Improve handling of detector-specific details (geometry, empty DOMs, data normalisation, etc.) and relation to coarsening

Created by: asogaard

Things to be improved (non-exhaustive):

Currently, the clustering of pulses is done in a "vectorised" manner. This is in order to (A) make the clustering work on batches of events and (B) to do this in a way that is fast. The downside is that it is very hard to read, and thus maintain/extend. It would be great if it were possible to apply per-event logic — for clustering, detector geometry, etc. — even on batched events. This might be possible using torch.jit.script or torch.compile in conjunction with pyg.data.batch.Batch.{to_data_list,from_data_list}, whereas using just the latter on its own to split a batch into its constituent events, apply per-event logic, and re-form the batch is prohibitively slow.
There are some detector-specific operations (like adding empty DOMs to a graph) that do not involve any trainable parameters and which could benefit from being moved to the CPU as part of the Dataset class' loading of graphs. However, we don't want to maintain a myriad of different Dataset subclasses that implement different pre-processing, and we still want deployed models to be self-contained (i.e. all models targeting the same detector should act on the same original graph, and should apply all necessary preprocessing internally).

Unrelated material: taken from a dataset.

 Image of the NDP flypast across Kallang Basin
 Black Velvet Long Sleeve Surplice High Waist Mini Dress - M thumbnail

It would be possible to prepare a GraphBuilder class, as suggested in #462 (closed), that could be given as an optional argument to Dataset and thus be run in parallel when loading data during training but which could also be included in the Model, either as a conditional layer that is only applied during inference, or which is simply "tacked on" the trained model when it is being saved for deployment.

NB: Each feature to be improved on might be separated out into its own issue.